The best part I think is "pg_query is special. It doesn’t actually implement parsing SQL. It works by extracting C source code directly from Postgres and wraps it with a nice Rust interface. This allows PgDog to understand all queries that Postgres can."

One of the things that puts metaprogramming on wheels is being able to pull in grammars, schemas and such for external systems. Think how many cool tools we could have if we could do this in a more general way.


> One of the things that puts metaprogramming on wheels is being able to pull in grammars, schemas and such for external systems.

That's what I've been trying to do with: https://github.com/schemamap/schemamap

For a well-constrained Postgres schema, a deterministic SQL compiler can be built (with plenty of logic programming/constraint-solving/hypergraph-analysis) that can integrate arbitrary external systems data.

While this is NP-hard, with some clever use of embeddings and ontologies, and use of every single constraint AST within the DB to reduce the search space, this becomes a feasible problem.

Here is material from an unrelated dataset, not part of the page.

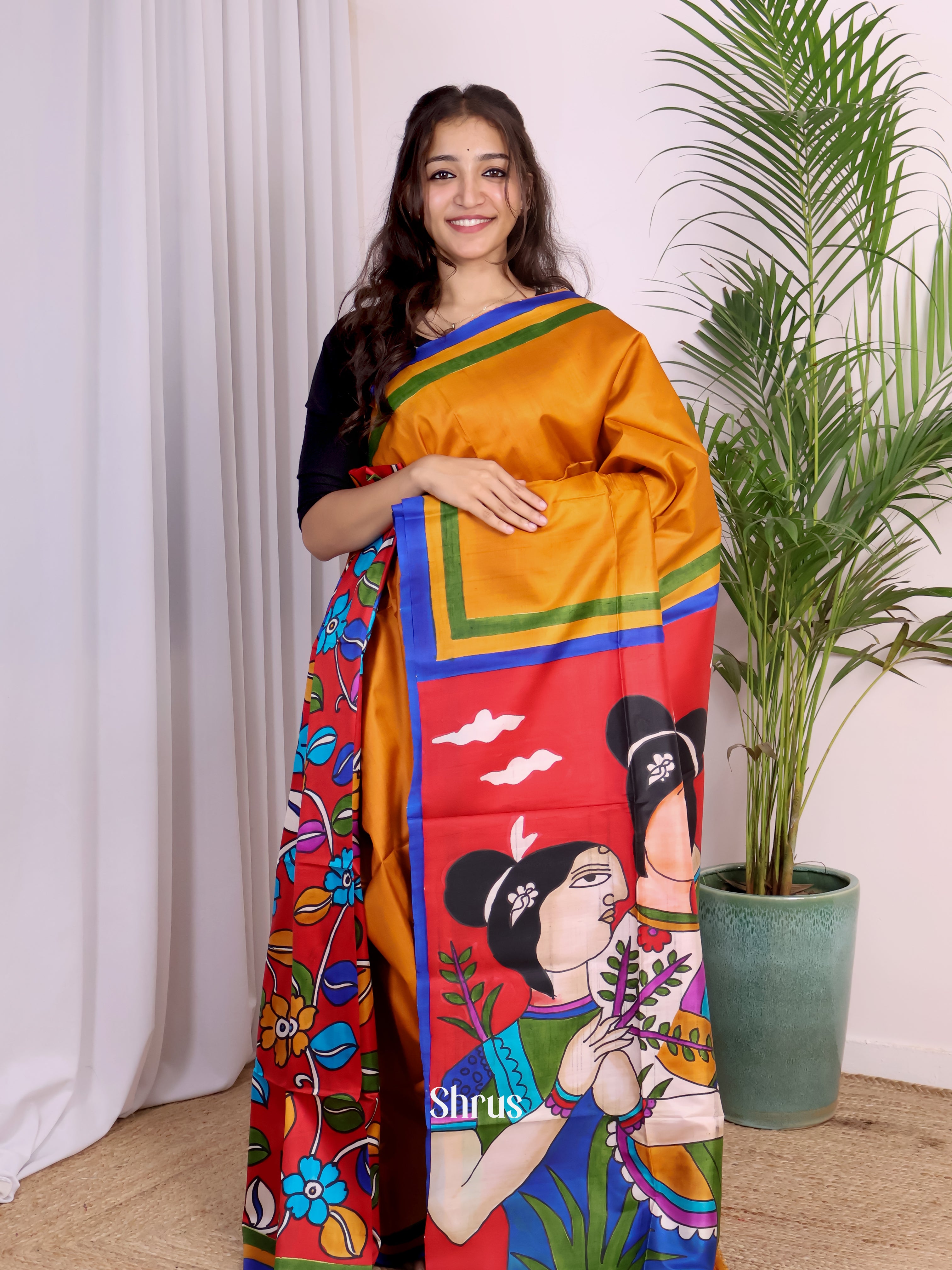 mustard & Red - Murshidabad Silk Saree - Shop on Shrus.com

For any Clojurists interested, I've packaged `pg_query`, so you can use it in your applications: https://github.com/schemamap/pg-query-clj

At the moment I'm saving up for the next development cycle, so not only PG->PG schema mappings can be solved for (JSON schema is next!). Hope this sounds interesting :)


Json schema layer support sounds interesting. Truth be told I didn’t immediately figure out how your project works

I had such high hopes for tree-sitter but once it went all "and then, $CC -c -o" all was lost :-(

What do you mean?

Unless the system that wishes to consume tree-sitter grammars has access to a linker, it being written in C, and then compiled to machine code, gravely limits the places it can be consumed. That's in contrast to any one of the hundreds of grammar compiler compiler systems that allow targeting a platform of choice without mandating a platform of choice. I do see that tree-sitter alleges to emit wasm, but I am not deep enough in that ecosystem to know if it means "wasm for the browser," or "wasm for extism[1]," or "wasm, but if you already have WASI" or what

1: e.g. https://github.com/1Password/onepassword-sdk-go/blob/v0.2.1/...

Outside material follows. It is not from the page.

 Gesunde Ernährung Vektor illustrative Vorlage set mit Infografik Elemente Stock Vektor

Supabase's postgres LSP works in a similar way iirc.

Yes, the same way. It's all based on the extremely useful `https://github.com/pganalyze/libpg_query` project, which is where the "extracted the parser from Postgres" part comes in.

Supabase's LSP also uses tree-sitter for corrections and autocomplete, because one drawback of using the server's source is that pg_query only works on well-formed/executable SQL - when it detects a malformed query, it formulates an error and exits, since that's what you want in an SQL server. So for partially-correct syntax and fill-forward, tree-sitter covers the gaps.

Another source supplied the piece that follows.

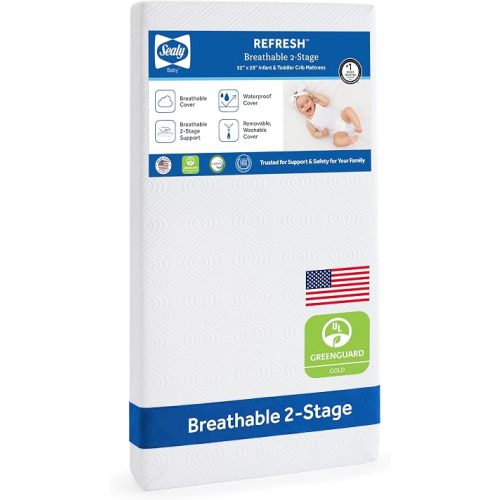 Sealy Baby Infant & Toddler Crib Mattress - Refresh 2 Stage Waterproof and Breathable, Non Toxic, GREENGUARD Gold Certified, Made in USA, 52x28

I agree. Does anyone know much heavy lifting is done by pg_query in wrapping the Postgres code vs. Postgres in expressing that code in a manner that makes pg_query possible?

Tends to be a matter of opinion. Postgres does not expose the relevant functions, so https://github.com/pganalyze/libpg_query has to do some heavy lifting to convert their source code into a nice library. Conversely, Postgres is very well written code, in an extremely common language, with a stable release cadence, and such a long track record it is seen as the reference implementation for correctly parsing SQL.

Yeah, as one of the main authors of libpg_query, I think the primary things that make this easier is that Postgres has good abstractions internally, and the parser works independently from other parts (e.g. the community discourages adding settings that affect parser behavior).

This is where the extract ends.